INFORMATION GIVEN:

◇ ◇ ◇

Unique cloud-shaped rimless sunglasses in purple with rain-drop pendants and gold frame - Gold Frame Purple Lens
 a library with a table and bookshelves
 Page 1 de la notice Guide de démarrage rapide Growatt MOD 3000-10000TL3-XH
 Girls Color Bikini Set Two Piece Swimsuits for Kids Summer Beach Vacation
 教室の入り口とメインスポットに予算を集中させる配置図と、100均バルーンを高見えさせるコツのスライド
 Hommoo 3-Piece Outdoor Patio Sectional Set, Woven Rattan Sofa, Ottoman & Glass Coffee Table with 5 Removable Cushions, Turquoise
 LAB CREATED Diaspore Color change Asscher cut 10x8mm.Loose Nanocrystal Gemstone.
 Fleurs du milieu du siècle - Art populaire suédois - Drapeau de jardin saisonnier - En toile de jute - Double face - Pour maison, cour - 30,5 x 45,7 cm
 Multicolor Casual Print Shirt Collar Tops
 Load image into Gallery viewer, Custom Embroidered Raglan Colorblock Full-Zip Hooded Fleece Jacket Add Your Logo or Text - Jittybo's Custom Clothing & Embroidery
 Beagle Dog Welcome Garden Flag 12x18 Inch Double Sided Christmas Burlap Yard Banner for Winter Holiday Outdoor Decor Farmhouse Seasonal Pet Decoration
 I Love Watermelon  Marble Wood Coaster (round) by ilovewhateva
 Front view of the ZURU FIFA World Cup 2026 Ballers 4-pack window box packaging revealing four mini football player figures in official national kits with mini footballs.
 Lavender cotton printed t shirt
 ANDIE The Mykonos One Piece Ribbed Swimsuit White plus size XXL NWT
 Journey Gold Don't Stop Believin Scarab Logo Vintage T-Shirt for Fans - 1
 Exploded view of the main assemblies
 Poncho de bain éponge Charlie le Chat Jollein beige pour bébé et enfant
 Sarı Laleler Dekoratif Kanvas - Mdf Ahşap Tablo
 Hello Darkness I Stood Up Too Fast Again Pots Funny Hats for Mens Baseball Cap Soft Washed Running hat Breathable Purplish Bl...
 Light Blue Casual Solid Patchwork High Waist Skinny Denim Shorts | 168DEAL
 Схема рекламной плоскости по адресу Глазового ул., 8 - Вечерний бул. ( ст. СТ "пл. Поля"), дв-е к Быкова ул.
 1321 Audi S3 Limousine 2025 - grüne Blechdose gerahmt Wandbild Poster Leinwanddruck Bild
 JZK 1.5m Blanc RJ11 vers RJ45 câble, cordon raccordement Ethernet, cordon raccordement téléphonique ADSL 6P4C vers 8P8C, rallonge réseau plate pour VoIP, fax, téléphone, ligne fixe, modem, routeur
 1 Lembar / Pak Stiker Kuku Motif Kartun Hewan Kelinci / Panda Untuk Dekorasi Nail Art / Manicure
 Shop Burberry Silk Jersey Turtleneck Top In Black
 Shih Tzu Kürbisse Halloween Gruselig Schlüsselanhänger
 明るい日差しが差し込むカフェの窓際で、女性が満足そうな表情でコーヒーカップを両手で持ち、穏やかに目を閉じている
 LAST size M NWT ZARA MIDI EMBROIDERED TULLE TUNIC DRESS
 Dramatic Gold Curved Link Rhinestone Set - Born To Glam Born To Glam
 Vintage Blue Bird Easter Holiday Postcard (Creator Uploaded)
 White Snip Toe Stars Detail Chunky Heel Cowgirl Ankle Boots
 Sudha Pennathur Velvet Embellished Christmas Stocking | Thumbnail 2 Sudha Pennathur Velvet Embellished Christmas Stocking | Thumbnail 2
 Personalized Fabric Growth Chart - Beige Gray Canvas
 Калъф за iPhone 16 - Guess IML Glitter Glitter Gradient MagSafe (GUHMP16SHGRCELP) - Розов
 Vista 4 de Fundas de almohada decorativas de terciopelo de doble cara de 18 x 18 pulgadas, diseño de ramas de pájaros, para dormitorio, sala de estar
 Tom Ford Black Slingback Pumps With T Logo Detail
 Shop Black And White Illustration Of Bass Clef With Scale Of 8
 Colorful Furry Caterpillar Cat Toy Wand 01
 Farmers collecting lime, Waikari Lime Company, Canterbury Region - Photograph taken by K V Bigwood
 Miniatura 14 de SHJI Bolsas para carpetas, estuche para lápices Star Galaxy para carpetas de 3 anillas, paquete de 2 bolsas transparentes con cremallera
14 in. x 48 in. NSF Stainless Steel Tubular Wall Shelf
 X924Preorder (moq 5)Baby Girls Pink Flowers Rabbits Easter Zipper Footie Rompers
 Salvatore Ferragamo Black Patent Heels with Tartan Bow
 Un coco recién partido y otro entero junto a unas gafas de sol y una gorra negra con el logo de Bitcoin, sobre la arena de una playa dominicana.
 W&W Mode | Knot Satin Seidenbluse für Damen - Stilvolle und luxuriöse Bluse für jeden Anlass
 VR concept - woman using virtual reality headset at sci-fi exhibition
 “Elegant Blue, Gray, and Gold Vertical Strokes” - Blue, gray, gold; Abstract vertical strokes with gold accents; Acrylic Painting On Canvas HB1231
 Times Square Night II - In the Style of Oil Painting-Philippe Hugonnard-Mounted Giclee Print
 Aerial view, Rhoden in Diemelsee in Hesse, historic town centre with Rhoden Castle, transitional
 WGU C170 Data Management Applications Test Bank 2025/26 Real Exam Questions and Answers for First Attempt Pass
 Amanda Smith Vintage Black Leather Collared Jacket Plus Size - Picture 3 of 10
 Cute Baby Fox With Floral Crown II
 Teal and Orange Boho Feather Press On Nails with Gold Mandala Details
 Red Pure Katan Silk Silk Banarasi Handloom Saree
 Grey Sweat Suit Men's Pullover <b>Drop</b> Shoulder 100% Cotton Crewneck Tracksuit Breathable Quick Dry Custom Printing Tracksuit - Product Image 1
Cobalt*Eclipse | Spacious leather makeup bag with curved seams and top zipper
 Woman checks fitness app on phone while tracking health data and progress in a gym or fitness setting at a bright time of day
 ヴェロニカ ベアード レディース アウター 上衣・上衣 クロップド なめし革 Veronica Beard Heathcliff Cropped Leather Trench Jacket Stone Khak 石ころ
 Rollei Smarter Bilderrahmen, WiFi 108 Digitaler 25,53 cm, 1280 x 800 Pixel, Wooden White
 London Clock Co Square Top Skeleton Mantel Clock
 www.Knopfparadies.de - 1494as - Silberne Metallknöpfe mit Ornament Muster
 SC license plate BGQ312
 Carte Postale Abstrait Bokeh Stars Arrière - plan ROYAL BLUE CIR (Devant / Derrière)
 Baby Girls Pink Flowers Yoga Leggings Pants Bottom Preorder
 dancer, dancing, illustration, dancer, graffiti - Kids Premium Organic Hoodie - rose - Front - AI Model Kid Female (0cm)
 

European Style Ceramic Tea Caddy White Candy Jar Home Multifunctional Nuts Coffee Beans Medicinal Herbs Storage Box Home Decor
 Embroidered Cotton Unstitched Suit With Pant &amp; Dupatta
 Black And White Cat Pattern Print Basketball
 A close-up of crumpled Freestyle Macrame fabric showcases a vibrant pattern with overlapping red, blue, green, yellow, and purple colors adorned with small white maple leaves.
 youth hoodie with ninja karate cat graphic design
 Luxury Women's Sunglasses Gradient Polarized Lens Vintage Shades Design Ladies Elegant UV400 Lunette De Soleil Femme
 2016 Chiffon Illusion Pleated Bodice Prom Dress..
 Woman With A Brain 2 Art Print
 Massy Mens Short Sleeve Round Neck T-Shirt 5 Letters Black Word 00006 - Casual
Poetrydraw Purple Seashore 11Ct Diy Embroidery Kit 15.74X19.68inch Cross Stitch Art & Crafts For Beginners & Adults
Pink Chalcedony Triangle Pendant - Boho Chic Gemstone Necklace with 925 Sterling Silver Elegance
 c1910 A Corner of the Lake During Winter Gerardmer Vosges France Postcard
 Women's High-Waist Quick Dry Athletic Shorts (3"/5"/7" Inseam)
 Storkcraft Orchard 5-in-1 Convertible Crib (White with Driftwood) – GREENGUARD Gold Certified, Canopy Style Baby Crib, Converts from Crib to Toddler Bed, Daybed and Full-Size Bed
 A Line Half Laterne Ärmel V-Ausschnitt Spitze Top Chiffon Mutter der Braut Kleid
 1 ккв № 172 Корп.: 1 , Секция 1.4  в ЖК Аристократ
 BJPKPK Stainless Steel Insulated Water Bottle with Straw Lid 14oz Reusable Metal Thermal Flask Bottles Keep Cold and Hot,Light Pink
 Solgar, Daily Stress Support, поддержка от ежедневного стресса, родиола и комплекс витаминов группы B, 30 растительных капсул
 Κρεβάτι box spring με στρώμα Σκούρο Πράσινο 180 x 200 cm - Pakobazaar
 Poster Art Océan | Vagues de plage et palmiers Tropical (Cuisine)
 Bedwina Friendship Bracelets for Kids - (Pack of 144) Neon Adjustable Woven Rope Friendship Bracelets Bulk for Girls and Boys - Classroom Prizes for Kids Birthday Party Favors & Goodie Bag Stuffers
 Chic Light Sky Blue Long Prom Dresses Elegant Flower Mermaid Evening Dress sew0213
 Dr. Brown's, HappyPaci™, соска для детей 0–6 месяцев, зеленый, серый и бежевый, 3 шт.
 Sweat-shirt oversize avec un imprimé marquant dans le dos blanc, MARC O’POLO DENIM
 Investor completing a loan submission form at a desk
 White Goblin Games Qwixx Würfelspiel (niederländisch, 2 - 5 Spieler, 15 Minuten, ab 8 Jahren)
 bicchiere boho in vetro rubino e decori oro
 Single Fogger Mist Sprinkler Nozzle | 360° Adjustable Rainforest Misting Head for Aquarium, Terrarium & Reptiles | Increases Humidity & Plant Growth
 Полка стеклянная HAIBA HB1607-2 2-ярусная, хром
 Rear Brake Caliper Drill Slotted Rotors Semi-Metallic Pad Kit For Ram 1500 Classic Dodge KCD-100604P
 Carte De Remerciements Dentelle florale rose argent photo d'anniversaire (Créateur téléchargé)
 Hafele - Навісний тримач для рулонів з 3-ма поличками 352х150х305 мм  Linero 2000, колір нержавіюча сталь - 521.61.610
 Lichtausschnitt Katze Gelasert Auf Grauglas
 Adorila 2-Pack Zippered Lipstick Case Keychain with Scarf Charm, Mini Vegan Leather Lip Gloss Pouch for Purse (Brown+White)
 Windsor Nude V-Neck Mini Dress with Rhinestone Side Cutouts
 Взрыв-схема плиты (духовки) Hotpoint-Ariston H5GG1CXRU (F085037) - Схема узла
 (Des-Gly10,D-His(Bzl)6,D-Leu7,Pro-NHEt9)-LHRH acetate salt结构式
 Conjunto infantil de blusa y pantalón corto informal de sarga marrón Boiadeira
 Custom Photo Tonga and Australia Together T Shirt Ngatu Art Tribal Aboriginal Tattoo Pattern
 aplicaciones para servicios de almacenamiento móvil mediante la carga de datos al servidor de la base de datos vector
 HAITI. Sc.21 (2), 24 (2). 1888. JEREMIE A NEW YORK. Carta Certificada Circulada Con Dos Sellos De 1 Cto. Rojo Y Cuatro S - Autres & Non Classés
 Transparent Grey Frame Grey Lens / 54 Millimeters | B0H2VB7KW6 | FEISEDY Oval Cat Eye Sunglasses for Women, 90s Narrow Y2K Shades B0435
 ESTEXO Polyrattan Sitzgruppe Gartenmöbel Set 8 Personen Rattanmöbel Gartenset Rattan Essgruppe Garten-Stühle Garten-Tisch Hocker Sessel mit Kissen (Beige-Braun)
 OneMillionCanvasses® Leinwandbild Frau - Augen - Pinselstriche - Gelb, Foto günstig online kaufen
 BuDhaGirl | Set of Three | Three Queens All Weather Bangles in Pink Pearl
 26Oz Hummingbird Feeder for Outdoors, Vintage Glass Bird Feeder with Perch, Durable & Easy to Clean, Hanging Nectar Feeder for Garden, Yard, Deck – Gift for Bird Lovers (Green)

◇ ◇ ◇

TASK DIRECTIONS:
Look through the data and show every line containing "Casual".

RESPONSE BOX:
 Multicolor Casual Print Shirt Collar Tops
 Light Blue Casual Solid Patchwork High Waist Skinny Denim Shorts | 168DEAL
 Massy Mens Short Sleeve Round Neck T-Shirt 5 Letters Black Word 00006 - Casual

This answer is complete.